To enable funds to be able to manage risk, the manager will practice some level of diversification. This works on the premise that holding two different shares is better than two of the same shares. This is because all shares react differently to investment conditions and changes.
The fund sector identifies the areas in which the fund will invest. This can be based on geographical terms, or in a particular industry. For example, there are funds that only invest in UK companies, or Japanese companies, just as there are funds that invest purely in ‘technology’ companies (IT, telecoms etc). In addition to this, there are sectors that are a mixture of assets. A typical ‘balanced managed’ fund will have some money invested in equities, some in property and some in fixed interest investments or bonds.
Although there are no guarantees as to performance or returns from any sector, our knowledge, experience and insight can indicate how we might expect investments to perform.

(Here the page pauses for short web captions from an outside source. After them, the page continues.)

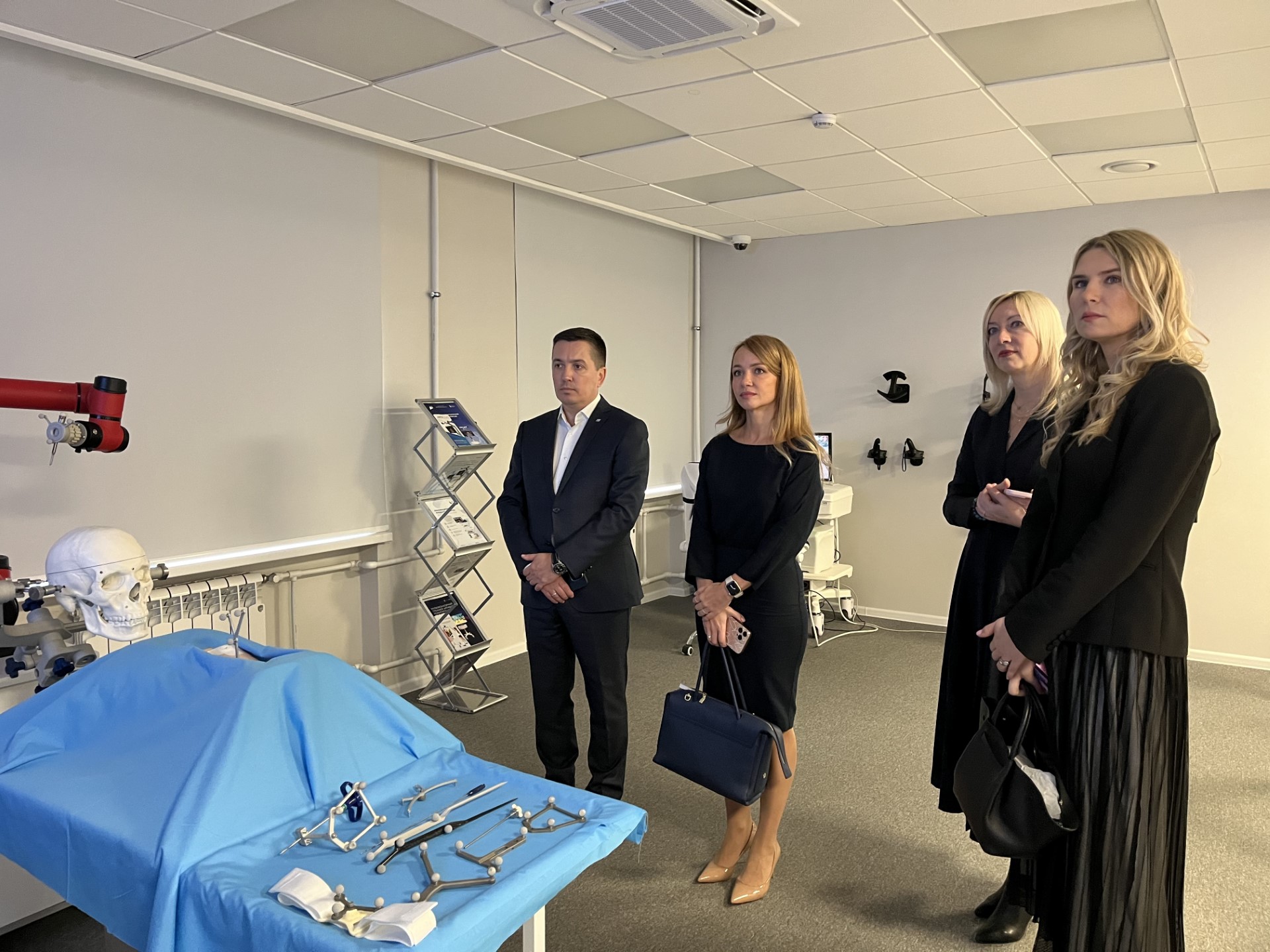 С оборудованием ИИР СамГМУ ознакомились представители «ВТБ Медицина»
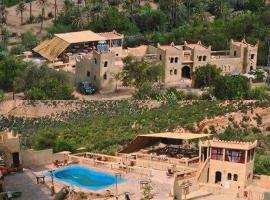 Auberge jawahir aguerd, hotel en Aguerd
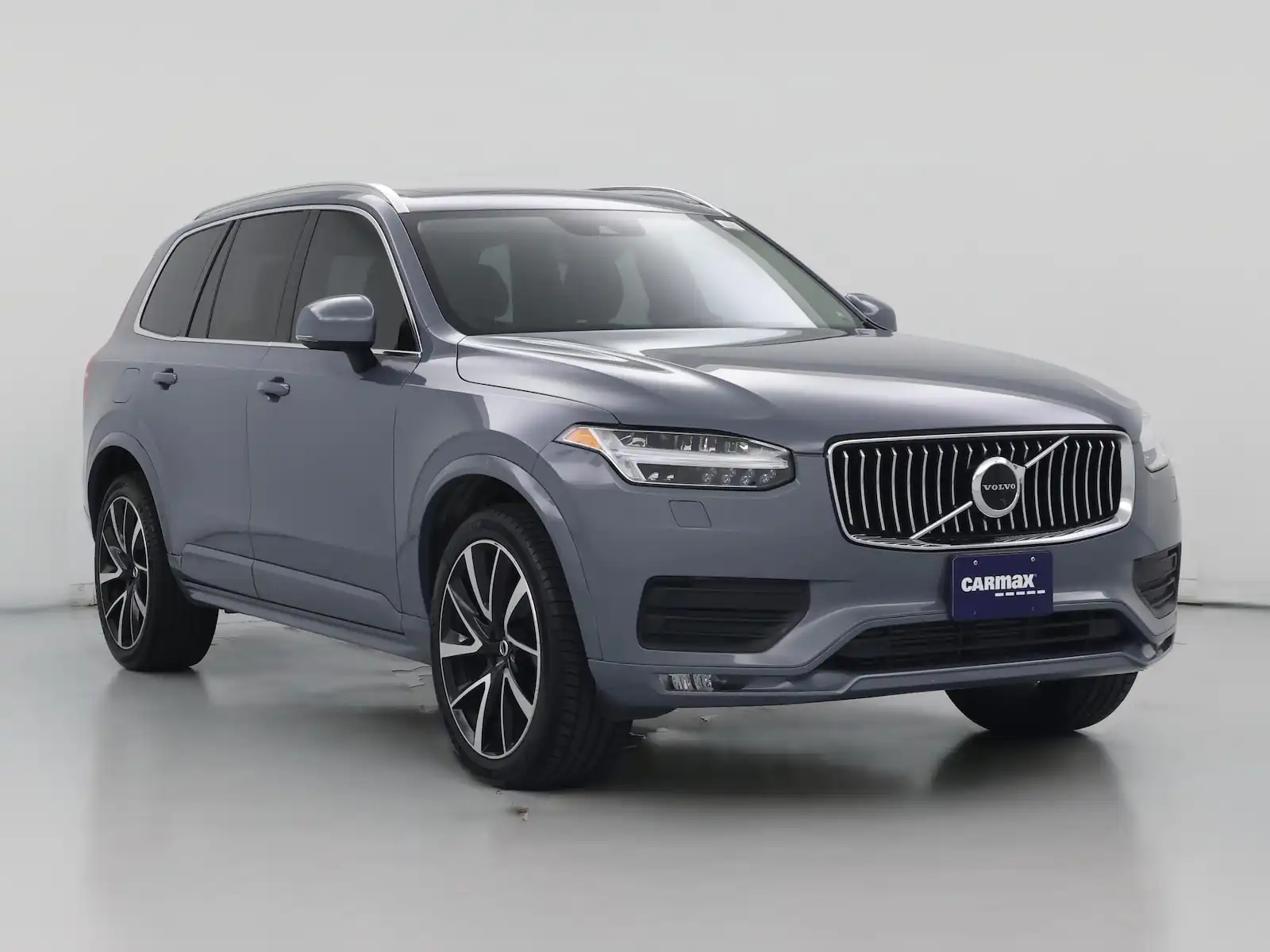 2022 Volvo XC90 T6 Momentum 6-Passenger AWD's photo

There are so many different mediums in which to invest, here we look at a few key areas
Current accounts may offer a very low rate of interest (if any) but they are the most flexible in terms of accessing your money. Banks also offer savings accounts with higher interest rates and notice accounts with competitive interest rates, but you may have to give a certain amount of notice before making a withdrawal (60 or 90 days perhaps), or you must agree to invest the money for a set period.